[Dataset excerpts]
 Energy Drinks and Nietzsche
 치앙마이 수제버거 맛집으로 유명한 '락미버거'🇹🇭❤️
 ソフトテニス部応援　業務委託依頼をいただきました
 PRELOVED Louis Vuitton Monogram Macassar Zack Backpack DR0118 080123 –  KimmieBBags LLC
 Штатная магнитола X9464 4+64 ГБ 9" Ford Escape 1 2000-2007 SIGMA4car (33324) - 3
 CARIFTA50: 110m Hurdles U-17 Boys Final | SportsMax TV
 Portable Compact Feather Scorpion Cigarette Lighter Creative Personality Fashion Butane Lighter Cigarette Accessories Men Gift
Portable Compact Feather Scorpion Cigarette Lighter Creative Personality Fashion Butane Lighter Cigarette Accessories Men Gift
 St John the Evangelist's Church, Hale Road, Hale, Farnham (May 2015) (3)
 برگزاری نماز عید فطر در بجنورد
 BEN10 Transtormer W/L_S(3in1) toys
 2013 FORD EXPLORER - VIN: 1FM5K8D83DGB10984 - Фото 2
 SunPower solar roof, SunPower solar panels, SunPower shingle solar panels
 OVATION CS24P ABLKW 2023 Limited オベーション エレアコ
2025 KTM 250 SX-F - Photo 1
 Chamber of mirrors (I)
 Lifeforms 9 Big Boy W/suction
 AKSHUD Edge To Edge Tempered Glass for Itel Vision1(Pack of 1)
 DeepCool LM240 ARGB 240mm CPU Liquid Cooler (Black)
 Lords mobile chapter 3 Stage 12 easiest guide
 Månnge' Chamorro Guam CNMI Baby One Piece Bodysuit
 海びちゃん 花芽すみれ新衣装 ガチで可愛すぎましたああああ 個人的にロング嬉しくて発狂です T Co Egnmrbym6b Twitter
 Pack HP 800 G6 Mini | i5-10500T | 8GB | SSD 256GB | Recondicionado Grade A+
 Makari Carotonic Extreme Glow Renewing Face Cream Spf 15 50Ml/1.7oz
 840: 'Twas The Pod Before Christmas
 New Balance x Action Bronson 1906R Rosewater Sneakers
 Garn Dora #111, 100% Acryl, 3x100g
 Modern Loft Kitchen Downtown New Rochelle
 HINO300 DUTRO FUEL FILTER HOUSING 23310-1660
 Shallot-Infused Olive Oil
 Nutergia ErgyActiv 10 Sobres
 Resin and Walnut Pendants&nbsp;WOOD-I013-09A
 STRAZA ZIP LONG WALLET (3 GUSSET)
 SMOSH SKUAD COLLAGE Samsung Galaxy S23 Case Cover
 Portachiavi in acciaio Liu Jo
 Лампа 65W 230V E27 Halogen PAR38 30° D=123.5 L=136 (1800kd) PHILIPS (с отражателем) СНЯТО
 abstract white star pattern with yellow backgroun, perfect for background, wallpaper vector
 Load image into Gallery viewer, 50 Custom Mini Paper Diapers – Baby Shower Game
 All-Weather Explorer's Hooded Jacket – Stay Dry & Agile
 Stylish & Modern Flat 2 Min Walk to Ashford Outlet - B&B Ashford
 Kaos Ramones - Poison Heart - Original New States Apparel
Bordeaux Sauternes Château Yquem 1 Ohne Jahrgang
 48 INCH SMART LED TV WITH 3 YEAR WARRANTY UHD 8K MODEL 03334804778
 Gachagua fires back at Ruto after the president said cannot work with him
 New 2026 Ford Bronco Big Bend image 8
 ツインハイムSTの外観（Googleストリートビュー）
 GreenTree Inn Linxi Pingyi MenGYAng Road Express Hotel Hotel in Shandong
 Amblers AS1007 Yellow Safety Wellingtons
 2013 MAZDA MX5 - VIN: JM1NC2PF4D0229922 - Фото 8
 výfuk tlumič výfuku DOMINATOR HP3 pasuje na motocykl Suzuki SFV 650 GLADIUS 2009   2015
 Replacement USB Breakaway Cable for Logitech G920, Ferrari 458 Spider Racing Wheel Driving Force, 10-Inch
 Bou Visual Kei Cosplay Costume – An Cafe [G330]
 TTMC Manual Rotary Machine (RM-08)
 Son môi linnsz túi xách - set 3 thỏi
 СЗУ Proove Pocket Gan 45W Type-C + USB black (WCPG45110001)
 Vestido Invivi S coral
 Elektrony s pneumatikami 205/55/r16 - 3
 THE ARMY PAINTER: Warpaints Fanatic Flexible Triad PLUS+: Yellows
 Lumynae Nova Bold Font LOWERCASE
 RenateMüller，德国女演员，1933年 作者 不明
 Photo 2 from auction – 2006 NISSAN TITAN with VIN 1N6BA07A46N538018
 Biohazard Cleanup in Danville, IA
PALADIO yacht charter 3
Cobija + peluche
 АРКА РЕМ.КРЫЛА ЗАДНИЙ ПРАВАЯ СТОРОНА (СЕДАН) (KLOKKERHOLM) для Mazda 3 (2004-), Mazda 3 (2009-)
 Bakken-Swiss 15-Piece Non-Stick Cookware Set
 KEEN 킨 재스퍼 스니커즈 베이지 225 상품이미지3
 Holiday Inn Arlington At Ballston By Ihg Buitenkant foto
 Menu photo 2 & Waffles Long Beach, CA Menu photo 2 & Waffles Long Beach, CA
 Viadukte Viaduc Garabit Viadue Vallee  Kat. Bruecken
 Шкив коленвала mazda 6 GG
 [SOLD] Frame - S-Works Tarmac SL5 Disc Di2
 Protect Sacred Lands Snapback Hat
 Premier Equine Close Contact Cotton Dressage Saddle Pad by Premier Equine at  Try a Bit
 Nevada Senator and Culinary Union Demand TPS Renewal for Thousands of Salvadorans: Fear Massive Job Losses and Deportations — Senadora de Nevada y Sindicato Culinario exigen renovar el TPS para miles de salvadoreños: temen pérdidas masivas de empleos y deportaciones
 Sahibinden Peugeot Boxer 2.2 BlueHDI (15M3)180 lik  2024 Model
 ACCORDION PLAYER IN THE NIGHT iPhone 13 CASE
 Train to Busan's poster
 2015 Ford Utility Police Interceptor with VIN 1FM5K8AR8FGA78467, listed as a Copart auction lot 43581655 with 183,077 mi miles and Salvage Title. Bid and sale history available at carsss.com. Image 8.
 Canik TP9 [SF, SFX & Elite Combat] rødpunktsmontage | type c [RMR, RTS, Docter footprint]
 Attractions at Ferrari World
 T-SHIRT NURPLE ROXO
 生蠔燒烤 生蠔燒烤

WHAT NEEDS TO BE DONE
Repeat each entry above exactly as it appears.

WRITTEN SOLUTION
 Energy Drinks and Nietzsche
 치앙마이 수제버거 맛집으로 유명한 '락미버거'🇹🇭❤️
 ソフトテニス部応援　業務委託依頼をいただきました
 PRELOVED Louis Vuitton Monogram Macassar Zack Backpack DR0118 080123 –  KimmieBBags LLC
 Штатная магнитола X9464 4+64 ГБ 9" Ford Escape 1 2000-2007 SIGMA4car (33324) - 3
 CARIFTA50: 110m Hurdles U-17 Boys Final | SportsMax TV
 Portable Compact Feather Scorpion Cigarette Lighter Creative Personality Fashion Butane Lighter Cigarette Accessories Men Gift
Portable Compact Feather Scorpion Cigarette Lighter Creative Personality Fashion Butane Lighter Cigarette Accessories Men Gift
 St John the Evangelist's Church, Hale Road, Hale, Farnham (May 2015) (3)
 برگزاری نماز عید فطر در بجنورد
 BEN10 Transtormer W/L_S(3in1) toys
 2013 FORD EXPLORER - VIN: 1FM5K8D83DGB10984 - Фото 2
 SunPower solar roof, SunPower solar panels, SunPower shingle solar panels
 OVATION CS24P ABLKW 2023 Limited オベーション エレアコ
2025 KTM 250 SX-F - Photo 1
 Chamber of mirrors (I)
 Lifeforms 9 Big Boy W/suction
 AKSHUD Edge To Edge Tempered Glass for Itel Vision1(Pack of 1)
 DeepCool LM240 ARGB 240mm CPU Liquid Cooler (Black)
 Lords mobile chapter 3 Stage 12 easiest guide
 Månnge' Chamorro Guam CNMI Baby One Piece Bodysuit
 海びちゃん 花芽すみれ新衣装 ガチで可愛すぎましたああああ 個人的にロング嬉しくて発狂です T Co Egnmrbym6b Twitter
 Pack HP 800 G6 Mini | i5-10500T | 8GB | SSD 256GB | Recondicionado Grade A+
 Makari Carotonic Extreme Glow Renewing Face Cream Spf 15 50Ml/1.7oz
 840: 'Twas The Pod Before Christmas
 New Balance x Action Bronson 1906R Rosewater Sneakers
 Garn Dora #111, 100% Acryl, 3x100g
 Modern Loft Kitchen Downtown New Rochelle
 HINO300 DUTRO FUEL FILTER HOUSING 23310-1660
 Shallot-Infused Olive Oil
 Nutergia ErgyActiv 10 Sobres
 Resin and Walnut Pendants&nbsp;WOOD-I013-09A
 STRAZA ZIP LONG WALLET (3 GUSSET)
 SMOSH SKUAD COLLAGE Samsung Galaxy S23 Case Cover
 Portachiavi in acciaio Liu Jo
 Лампа 65W 230V E27 Halogen PAR38 30° D=123.5 L=136 (1800kd) PHILIPS (с отражателем) СНЯТО
 abstract white star pattern with yellow backgroun, perfect for background, wallpaper vector
 Load image into Gallery viewer, 50 Custom Mini Paper Diapers – Baby Shower Game
 All-Weather Explorer's Hooded Jacket – Stay Dry & Agile
 Stylish & Modern Flat 2 Min Walk to Ashford Outlet - B&B Ashford
 Kaos Ramones - Poison Heart - Original New States Apparel
Bordeaux Sauternes Château Yquem 1 Ohne Jahrgang
 48 INCH SMART LED TV WITH 3 YEAR WARRANTY UHD 8K MODEL 03334804778
 Gachagua fires back at Ruto after the president said cannot work with him
 New 2026 Ford Bronco Big Bend image 8
 ツインハイムSTの外観（Googleストリートビュー）
 GreenTree Inn Linxi Pingyi MenGYAng Road Express Hotel Hotel in Shandong
 Amblers AS1007 Yellow Safety Wellingtons
 2013 MAZDA MX5 - VIN: JM1NC2PF4D0229922 - Фото 8
 výfuk tlumič výfuku DOMINATOR HP3 pasuje na motocykl Suzuki SFV 650 GLADIUS 2009   2015
 Replacement USB Breakaway Cable for Logitech G920, Ferrari 458 Spider Racing Wheel Driving Force, 10-Inch
 Bou Visual Kei Cosplay Costume – An Cafe [G330]
 TTMC Manual Rotary Machine (RM-08)
 Son môi linnsz túi xách - set 3 thỏi
 СЗУ Proove Pocket Gan 45W Type-C + USB black (WCPG45110001)
 Vestido Invivi S coral
 Elektrony s pneumatikami 205/55/r16 - 3
 THE ARMY PAINTER: Warpaints Fanatic Flexible Triad PLUS+: Yellows
 Lumynae Nova Bold Font LOWERCASE
 RenateMüller，德国女演员，1933年 作者 不明
 Photo 2 from auction – 2006 NISSAN TITAN with VIN 1N6BA07A46N538018
 Biohazard Cleanup in Danville, IA
PALADIO yacht charter 3
Cobija + peluche
 АРКА РЕМ.КРЫЛА ЗАДНИЙ ПРАВАЯ СТОРОНА (СЕДАН) (KLOKKERHOLM) для Mazda 3 (2004-), Mazda 3 (2009-)
 Bakken-Swiss 15-Piece Non-Stick Cookware Set
 KEEN 킨 재스퍼 스니커즈 베이지 225 상품이미지3
 Holiday Inn Arlington At Ballston By Ihg Buitenkant foto
 Menu photo 2 & Waffles Long Beach, CA Menu photo 2 & Waffles Long Beach, CA
 Viadukte Viaduc Garabit Viadue Vallee  Kat. Bruecken
 Шкив коленвала mazda 6 GG
 [SOLD] Frame - S-Works Tarmac SL5 Disc Di2
 Protect Sacred Lands Snapback Hat
 Premier Equine Close Contact Cotton Dressage Saddle Pad by Premier Equine at  Try a Bit
 Nevada Senator and Culinary Union Demand TPS Renewal for Thousands of Salvadorans: Fear Massive Job Losses and Deportations — Senadora de Nevada y Sindicato Culinario exigen renovar el TPS para miles de salvadoreños: temen pérdidas masivas de empleos y deportaciones
 Sahibinden Peugeot Boxer 2.2 BlueHDI (15M3)180 lik  2024 Model
 ACCORDION PLAYER IN THE NIGHT iPhone 13 CASE
 Train to Busan's poster
 2015 Ford Utility Police Interceptor with VIN 1FM5K8AR8FGA78467, listed as a Copart auction lot 43581655 with 183,077 mi miles and Salvage Title. Bid and sale history available at carsss.com. Image 8.
 Canik TP9 [SF, SFX & Elite Combat] rødpunktsmontage | type c [RMR, RTS, Docter footprint]
 Attractions at Ferrari World
 T-SHIRT NURPLE ROXO
 生蠔燒烤 生蠔燒烤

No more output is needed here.